*Task objective*: Render every entry verbatim.

*Material shown*:
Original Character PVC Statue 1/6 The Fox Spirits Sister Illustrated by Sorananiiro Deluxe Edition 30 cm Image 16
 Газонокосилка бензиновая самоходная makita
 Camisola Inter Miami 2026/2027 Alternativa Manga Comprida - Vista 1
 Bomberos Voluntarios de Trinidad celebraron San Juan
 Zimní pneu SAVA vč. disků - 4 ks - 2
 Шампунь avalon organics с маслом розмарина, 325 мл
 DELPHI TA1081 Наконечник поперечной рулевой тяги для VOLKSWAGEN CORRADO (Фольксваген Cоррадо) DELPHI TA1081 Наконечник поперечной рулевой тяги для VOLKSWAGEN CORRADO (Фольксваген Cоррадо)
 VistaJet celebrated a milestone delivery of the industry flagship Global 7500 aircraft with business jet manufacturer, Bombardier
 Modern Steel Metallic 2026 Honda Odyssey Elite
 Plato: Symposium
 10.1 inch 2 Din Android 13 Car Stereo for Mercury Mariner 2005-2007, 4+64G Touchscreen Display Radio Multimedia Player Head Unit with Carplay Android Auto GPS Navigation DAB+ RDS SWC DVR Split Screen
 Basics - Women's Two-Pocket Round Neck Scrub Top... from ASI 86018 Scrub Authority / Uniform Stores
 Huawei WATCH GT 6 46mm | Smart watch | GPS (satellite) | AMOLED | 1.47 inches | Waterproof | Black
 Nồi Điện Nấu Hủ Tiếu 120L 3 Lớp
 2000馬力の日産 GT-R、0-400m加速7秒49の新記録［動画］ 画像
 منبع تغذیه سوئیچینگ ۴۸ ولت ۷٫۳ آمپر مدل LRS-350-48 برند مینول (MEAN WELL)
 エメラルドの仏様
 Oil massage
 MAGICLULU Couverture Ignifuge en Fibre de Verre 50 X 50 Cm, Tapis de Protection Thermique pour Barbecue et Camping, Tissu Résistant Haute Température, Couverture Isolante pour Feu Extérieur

*Task output*:
Original Character PVC Statue 1/6 The Fox Spirits Sister Illustrated by Sorananiiro Deluxe Edition 30 cm Image 16
 Газонокосилка бензиновая самоходная makita
 Camisola Inter Miami 2026/2027 Alternativa Manga Comprida - Vista 1
 Bomberos Voluntarios de Trinidad celebraron San Juan
 Zimní pneu SAVA vč. disků - 4 ks - 2
 Шампунь avalon organics с маслом розмарина, 325 мл
 DELPHI TA1081 Наконечник поперечной рулевой тяги для VOLKSWAGEN CORRADO (Фольксваген Cоррадо) DELPHI TA1081 Наконечник поперечной рулевой тяги для VOLKSWAGEN CORRADO (Фольксваген Cоррадо)
 VistaJet celebrated a milestone delivery of the industry flagship Global 7500 aircraft with business jet manufacturer, Bombardier
 Modern Steel Metallic 2026 Honda Odyssey Elite
 Plato: Symposium
 10.1 inch 2 Din Android 13 Car Stereo for Mercury Mariner 2005-2007, 4+64G Touchscreen Display Radio Multimedia Player Head Unit with Carplay Android Auto GPS Navigation DAB+ RDS SWC DVR Split Screen
 Basics - Women's Two-Pocket Round Neck Scrub Top... from ASI 86018 Scrub Authority / Uniform Stores
 Huawei WATCH GT 6 46mm | Smart watch | GPS (satellite) | AMOLED | 1.47 inches | Waterproof | Black
 Nồi Điện Nấu Hủ Tiếu 120L 3 Lớp
 2000馬力の日産 GT-R、0-400m加速7秒49の新記録［動画］ 画像
 منبع تغذیه سوئیچینگ ۴۸ ولت ۷٫۳ آمپر مدل LRS-350-48 برند مینول (MEAN WELL)
 エメラルドの仏様
 Oil massage
 MAGICLULU Couverture Ignifuge en Fibre de Verre 50 X 50 Cm, Tapis de Protection Thermique pour Barbecue et Camping, Tissu Résistant Haute Température, Couverture Isolante pour Feu Extérieur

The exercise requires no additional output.